An important benchmark in the field of artificial intelligence, ARC-AGI, which stands for "Artificial General Intelligence Abstraction and Reasoning Corpus," is about to achieve breakthrough progress. However, the test's founder, Francois Chollet, warns that despite improvements in scores, this does not mean we are closer to achieving Artificial General Intelligence (AGI). He points out that the test itself has design flaws and that what it reveals does not represent a genuine research breakthrough.

Since Chollet launched ARC-AGI in 2019, AI systems have consistently performed poorly on the test. To date, the best-performing system has only managed to solve less than one-third of the tasks. Chollet attributes this mainly to the current AI research being overly reliant on large language models (LLMs). He notes that while LLMs can recognize patterns when handling large-scale data, they depend on memory rather than reasoning, making it difficult for them to deal with unseen new situations or engage in true "reasoning."

"LLM models rely on extracting patterns from training data rather than performing independent reasoning. They merely 'remember' patterns instead of generating new inferences," Chollet explained in a series of posts on the social platform X.

QQ20241210-104353.png

Nonetheless, Chollet has not stopped promoting AI research. He and Zapier founder Mike Knoop jointly launched a $1 million competition in June of this year to encourage open-source AI to challenge the ARC-AGI benchmark. Although the best-performing AI system out of 17,789 entries only scored 55.5%, below the 85% standard required to achieve "human-level" performance, Chollet and Knoop still view this as an important step forward.

Knoop noted in a blog post that this score does not mean we are closer to achieving AGI; rather, it highlights that some tasks in ARC-AGI overly rely on "brute force" solutions, which may not provide effective signals for true general intelligence. The original intention of ARC-AGI's design was to test AI's generalization capabilities by providing complex, unseen tasks, yet it remains uncertain whether these tasks can effectively assess AGI.

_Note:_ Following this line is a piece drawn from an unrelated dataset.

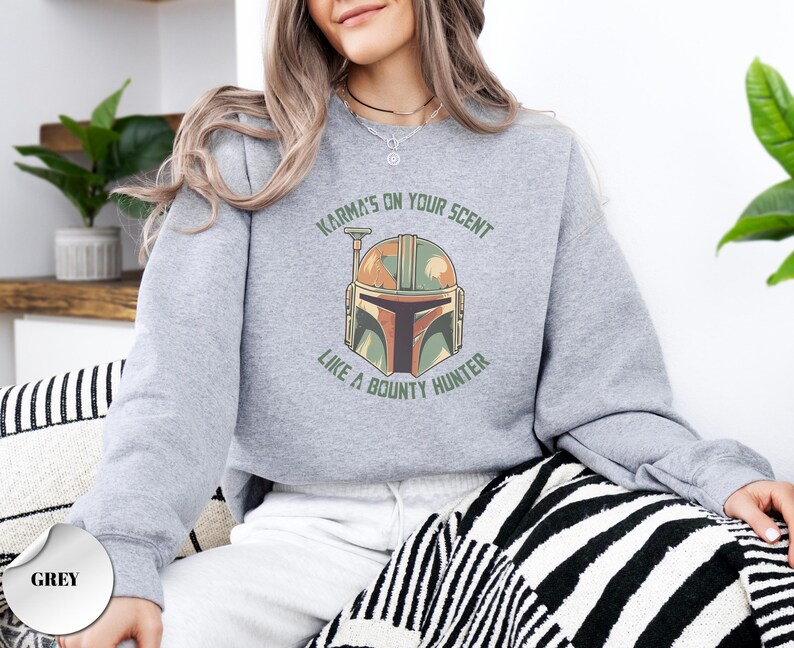 Puede incluir: Una sudadera gris jaspeado de cuello redondo con un gr&aacute;fico de un casco de cazarrecompensas en tonos verde, naranja y marr&oacute;n. El texto "KARMA'S ON YOUR SCENT LIKE A BOUNTY HUNTER" est&aacute; impreso en una fuente arqueada verde oscuro alrededor.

AI, Artificial Intelligence, Robots

Image Source Note: Image generated by AI, image licensed from service provider Midjourney

The tasks in the ARC-AGI benchmark include challenges like puzzle problems that require AI to infer unknown answers based on known information. Although these tasks seem capable of pushing AI to adapt to new situations, results indicate that existing models appear to find solutions through extensive calculations rather than demonstrating true intelligent adaptability.

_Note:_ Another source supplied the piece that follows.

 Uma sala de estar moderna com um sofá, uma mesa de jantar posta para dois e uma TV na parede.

Additionally, the creators of ARC-AGI face criticism from peers, particularly regarding the ambiguity in defining AGI. A recent statement from an OpenAI employee suggested that if AGI is defined as "AI that performs better than most humans on most tasks," then AGI has already been achieved. However, Chollet and Knoop believe that the current design of the ARC-AGI benchmark has not fully met this goal.

Looking ahead, Chollet and Knoop plan to release a second generation of the ARC-AGI benchmark and hold a new competition in 2025 to address the shortcomings of the current test. They stated that the new benchmark will focus more on advancing AI research in more significant directions, accelerating the process towards achieving AGI.

However, fixing the existing benchmark is no easy task. The efforts of Chollet and Knoop demonstrate that defining intelligence in artificial intelligence, especially in the realm of general intelligence, remains a daunting and complex challenge.